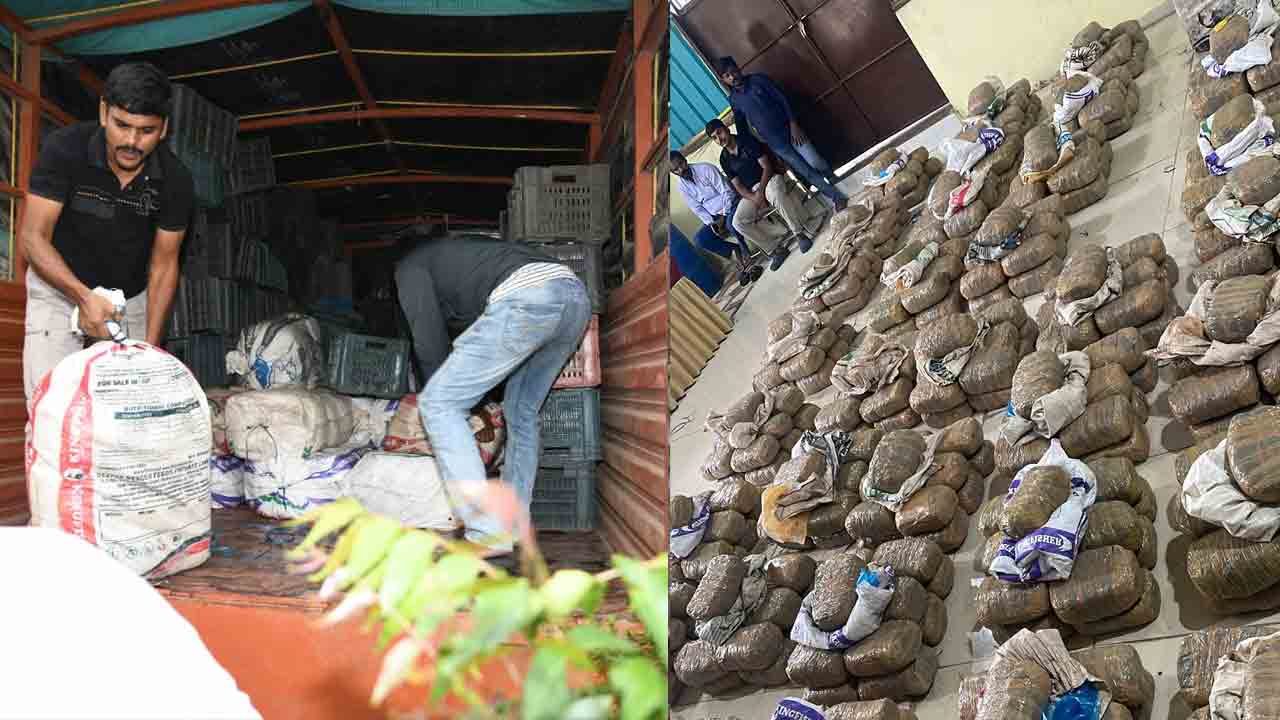 Ganja | పండ్ల ట్రేలలో 935 కిలోల గంజాయి సరఫరా.. బాటసింగారం వద్ద 455 ప్యాకెట్లు సీజ్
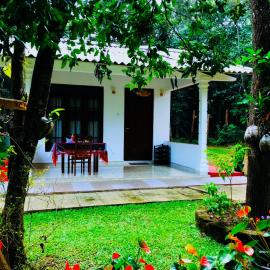 Holly Flowers Villa
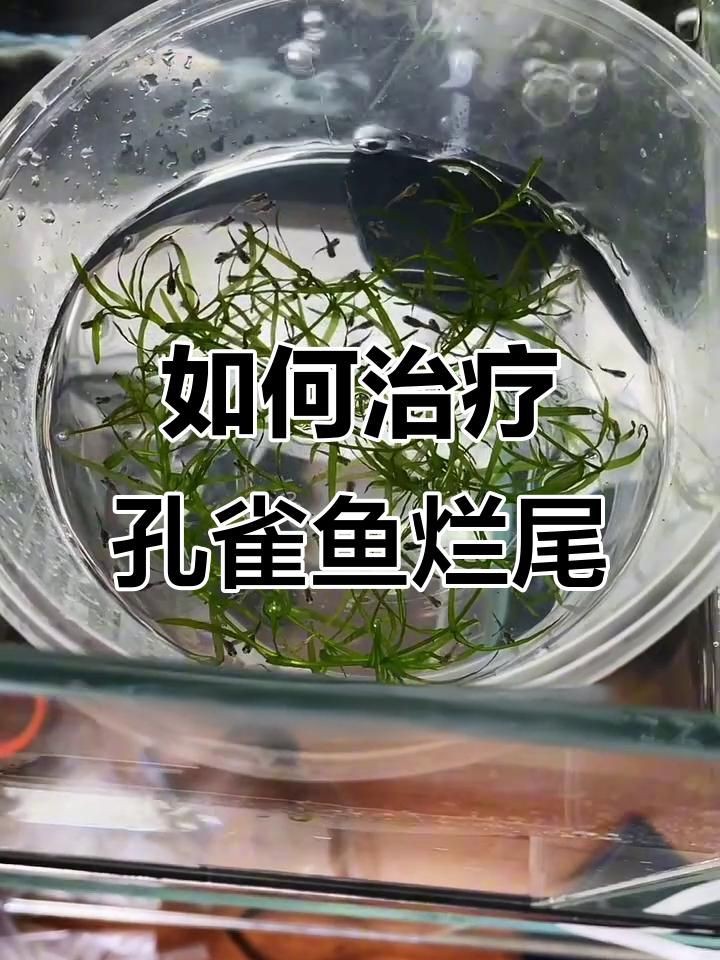 如何預(yù)防魚(yú)缸中的魚(yú)類爛尾？【如何預(yù)防魚(yú)缸中魚(yú)類爛尾】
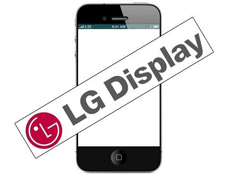 LG Display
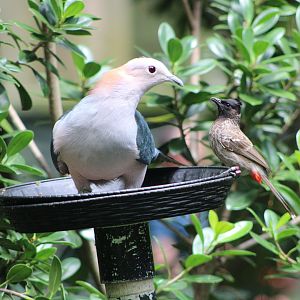 Chestnut-Naped Imperial Pigeon (D. a. paulina) + Red-Vented Bulbul (P. cafer)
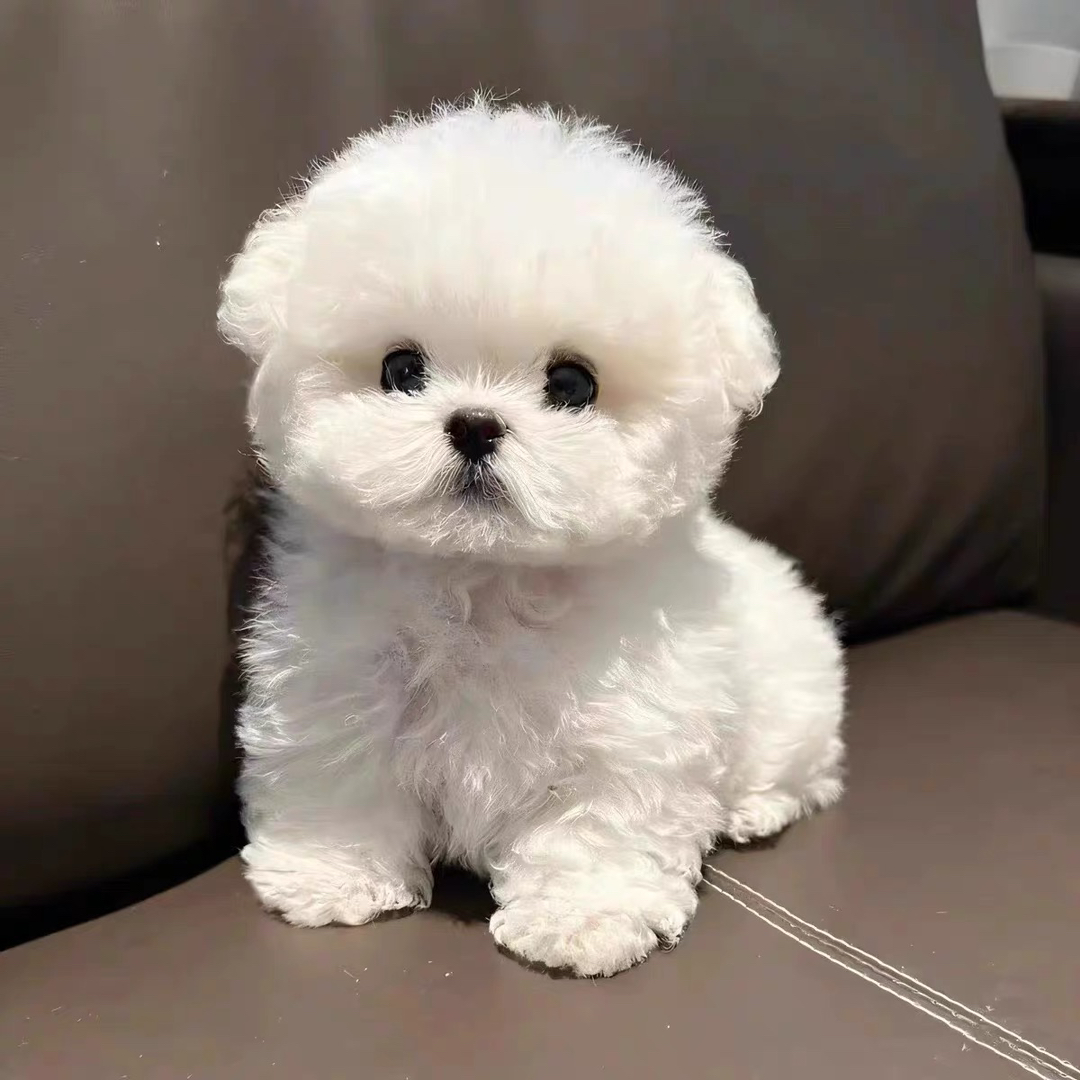 可爱比熊犬,雪白蓬松,身着彩衣,萌态十足惹人爱
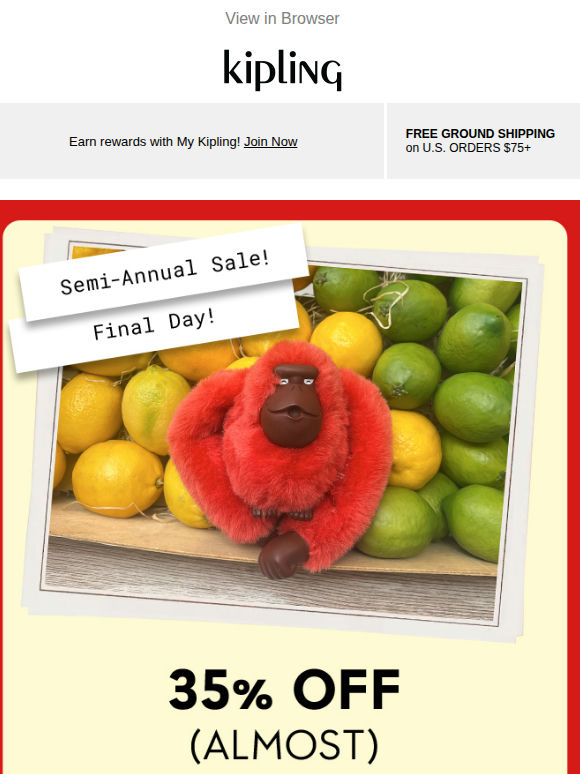 Final Day! 35% Off Almost Everything!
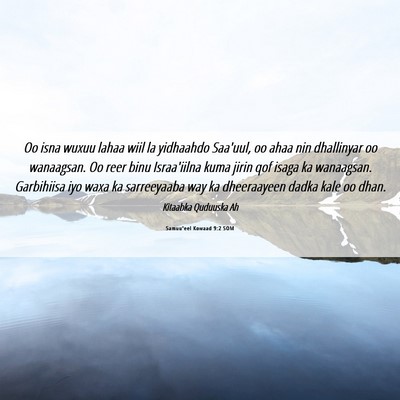 Picture 06 - Samuu'eel Kowaad 9:2 SOM - Oo isna wuxuu lahaa wiil la yidhaahdo Saa'uul, oo - Bible Verse Picture
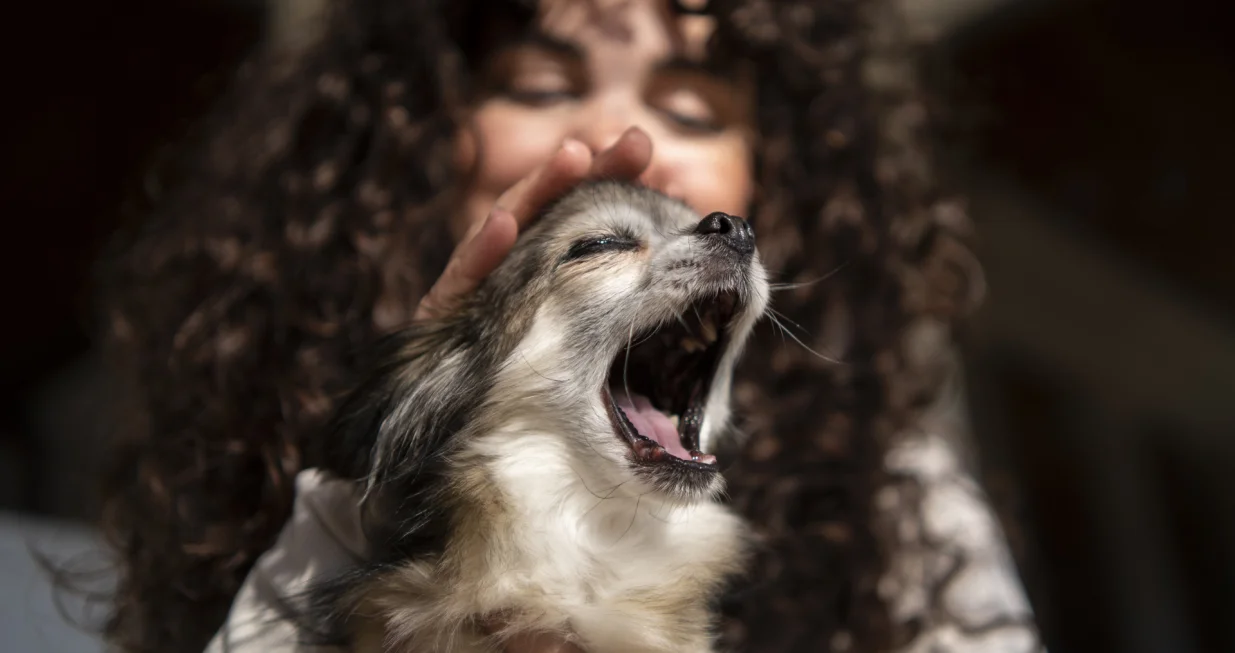 Trik koji svi vlasnici trebaju znati/Free Pik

#####

● Work to complete
For each entry above, write it out again exactly but leave out any picture.

● Expected answer
 Ganja | పండ్ల ట్రేలలో 935 కిలోల గంజాయి సరఫరా.. బాటసింగారం వద్ద 455 ప్యాకెట్లు సీజ్
 Holly Flowers Villa
 如何預(yù)防魚(yú)缸中的魚(yú)類爛尾？【如何預(yù)防魚(yú)缸中魚(yú)類爛尾】
 LG Display
 Chestnut-Naped Imperial Pigeon (D. a. paulina) + Red-Vented Bulbul (P. cafer)
 可爱比熊犬,雪白蓬松,身着彩衣,萌态十足惹人爱
 Final Day! 35% Off Almost Everything!
 Picture 06 - Samuu'eel Kowaad 9:2 SOM - Oo isna wuxuu lahaa wiil la yidhaahdo Saa'uul, oo - Bible Verse Picture
 Trik koji svi vlasnici trebaju znati/Free Pik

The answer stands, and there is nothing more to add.